• _WORK REQUIRED_
Without the pictures, retype each line below exactly as it stands.

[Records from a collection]
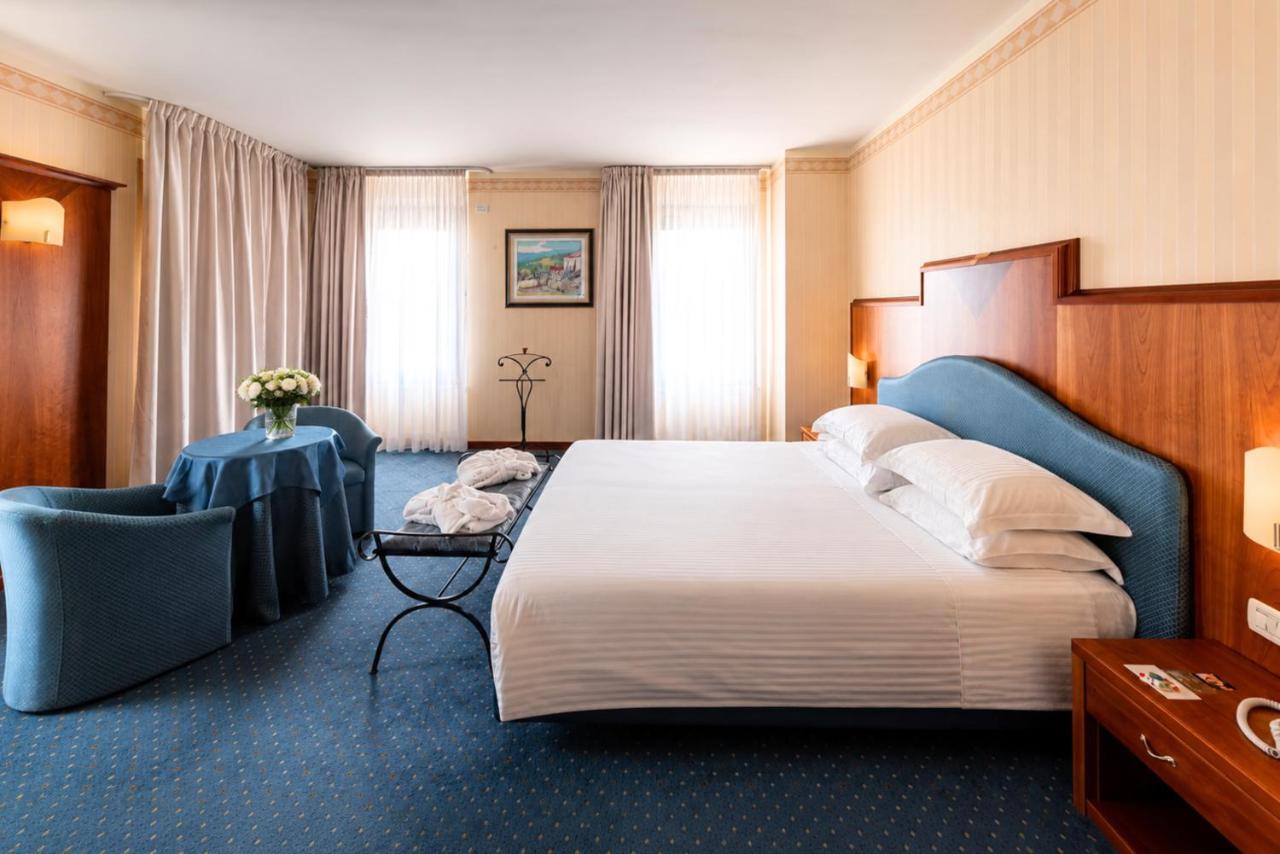 PHI Hotel Astoria in Susegana - foto 5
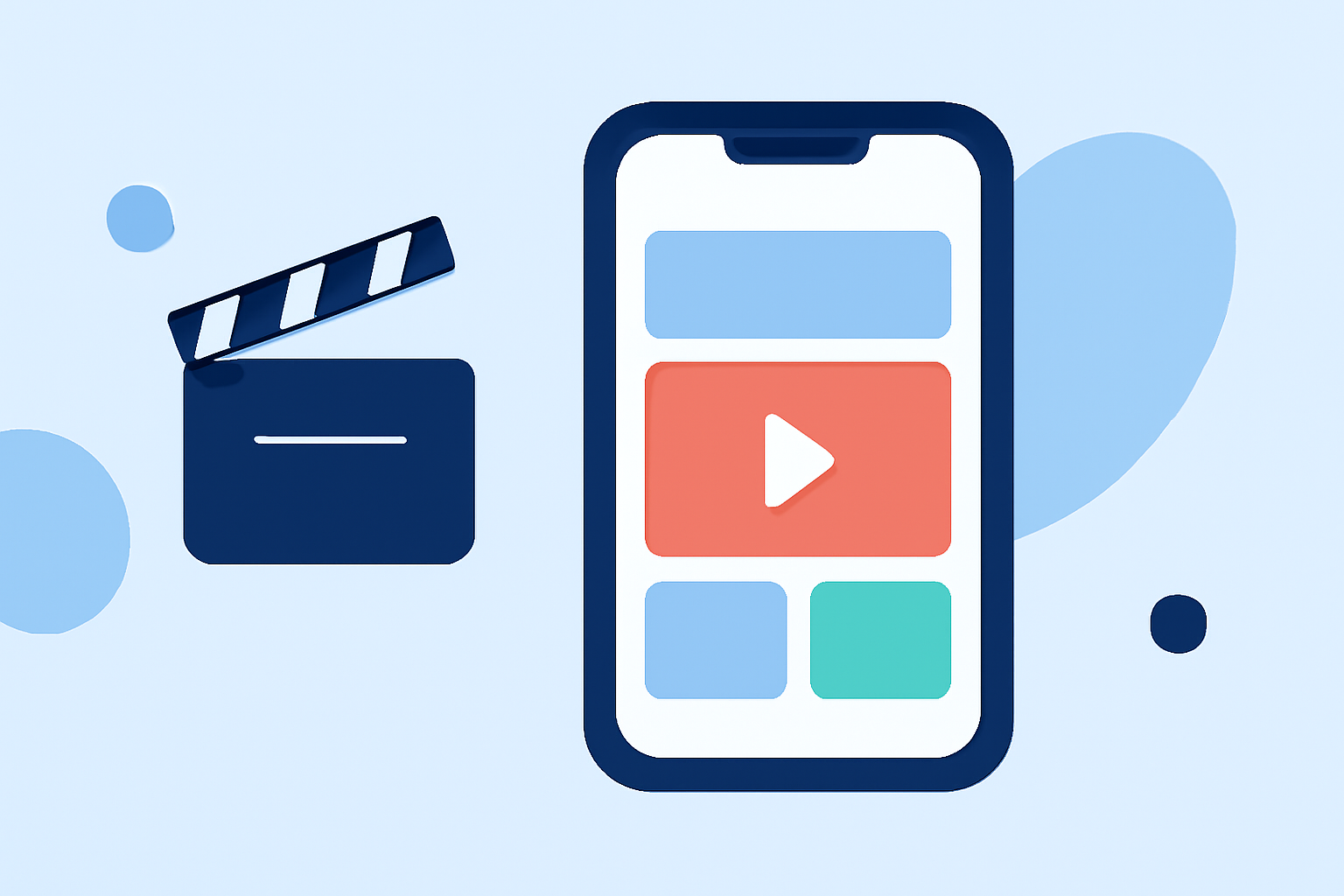 Splice vs. CapCut: Which Mobile Video Editor is Best for Video Collages?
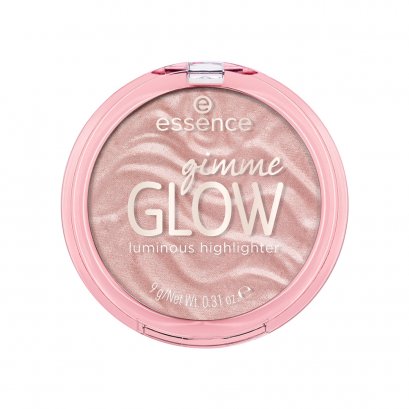 essence gimme GLOW luminous highlighter 20 - เอสเซนส์กิมมีโกลว์ลูมินัสไฮไลเตอร์20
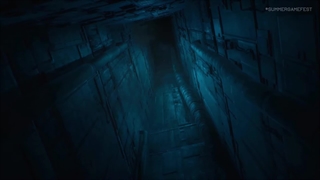 تریلر معرفی بازی End of Abyss از سازندگان سابق Little Nightmares
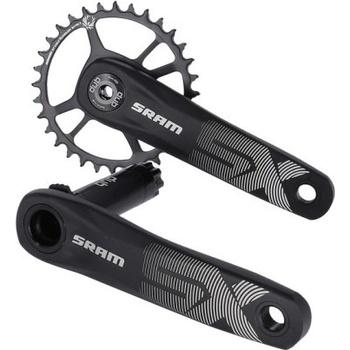 Sram SX Eagle Boost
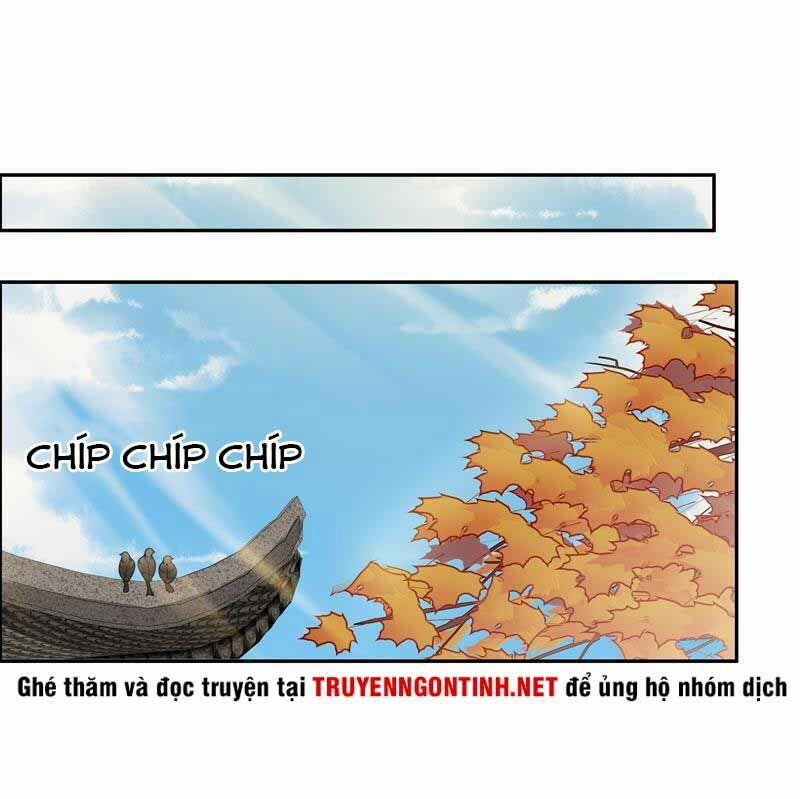 Cuồng Nữ Trọng Sinh - Hoàn Khố Thất Hoàng Phi 9 trang 9
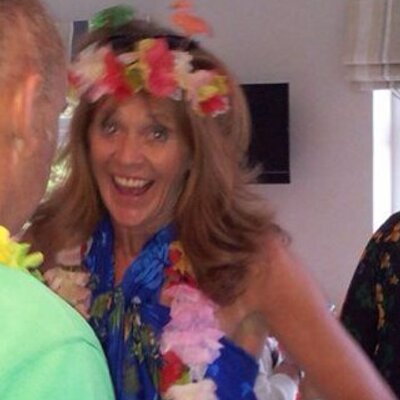 Profile Picture of Julia Brookes (@brookes_clan) on Twitter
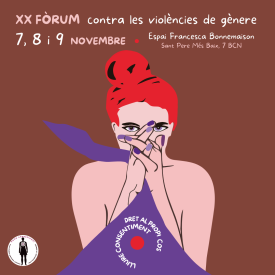Cartell XX Fòrum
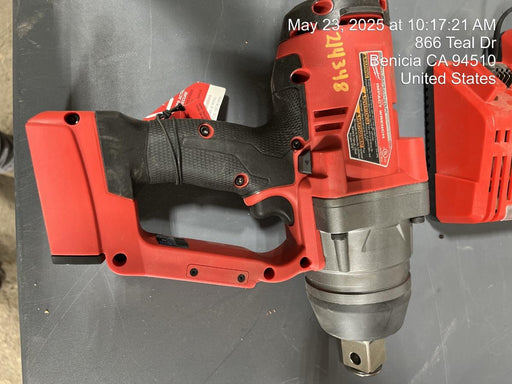 2022 MILWAUKEE 2867-22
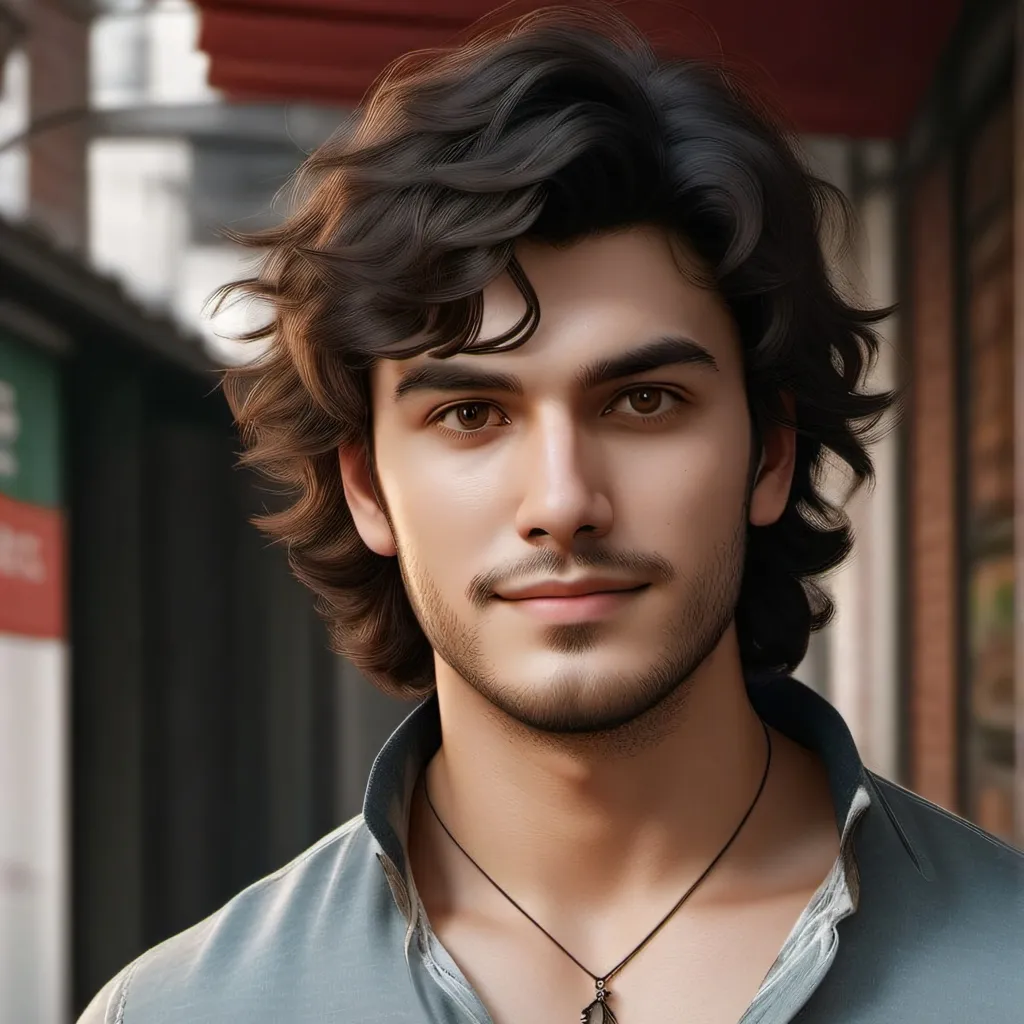 chat with ai character: blackmambamafiabos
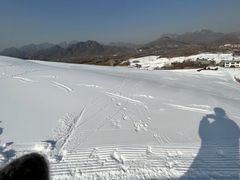 -狼牙山风景区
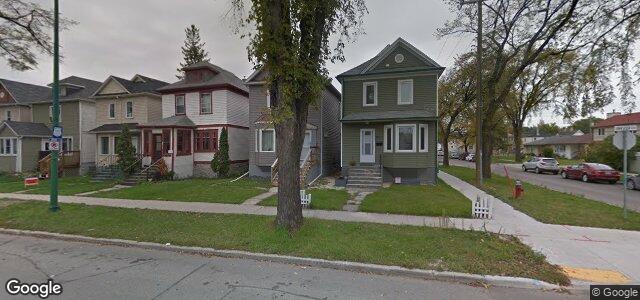 Photo of 278 Inkster Boulevard in Winnipeg, Manitoba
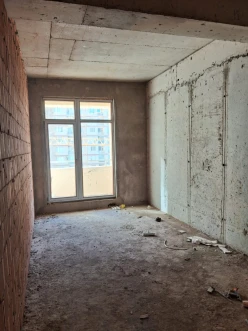 Satılır yeni tikili 3 otaqlı 153 m², İnşaatçılar m.-8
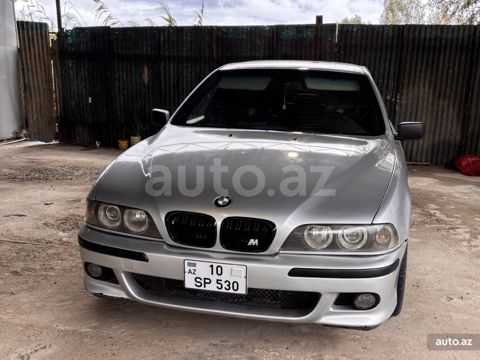 BMW 528, 1996 — Sabirabad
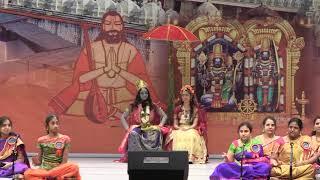 Sruthilayalu 2018 - Ramadasu Team Specials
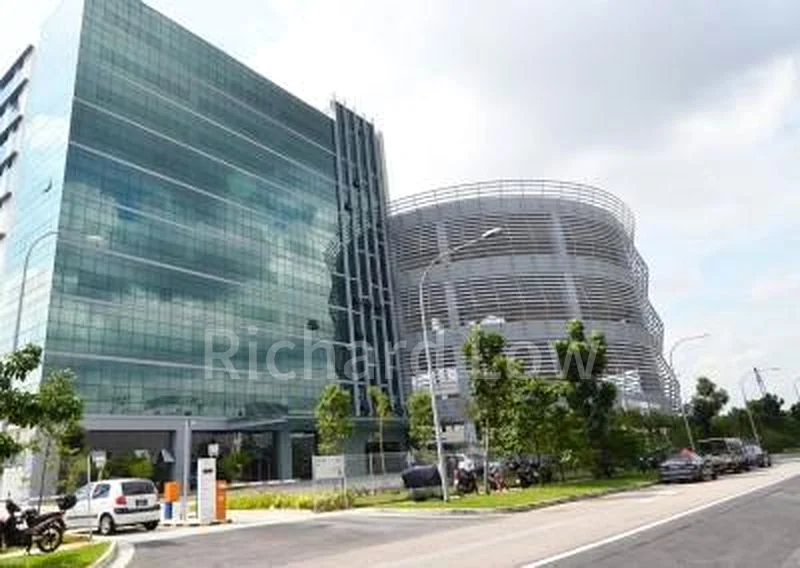 Warehouse for Rent in  West Park Bizcentral - Image 1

• _RESULT OF THE TASK_
 PHI Hotel Astoria in Susegana - foto 5
 Splice vs. CapCut: Which Mobile Video Editor is Best for Video Collages?
 essence gimme GLOW luminous highlighter 20 - เอสเซนส์กิมมีโกลว์ลูมินัสไฮไลเตอร์20
 تریلر معرفی بازی End of Abyss از سازندگان سابق Little Nightmares
 Sram SX Eagle Boost
 Cuồng Nữ Trọng Sinh - Hoàn Khố Thất Hoàng Phi 9 trang 9
 Profile Picture of Julia Brookes (@brookes_clan) on Twitter
Cartell XX Fòrum
 2022 MILWAUKEE 2867-22
 chat with ai character: blackmambamafiabos
 -狼牙山风景区
 Photo of 278 Inkster Boulevard in Winnipeg, Manitoba
 Satılır yeni tikili 3 otaqlı 153 m², İnşaatçılar m.-8
 BMW 528, 1996 — Sabirabad
 Sruthilayalu 2018 - Ramadasu Team Specials
 Warehouse for Rent in  West Park Bizcentral - Image 1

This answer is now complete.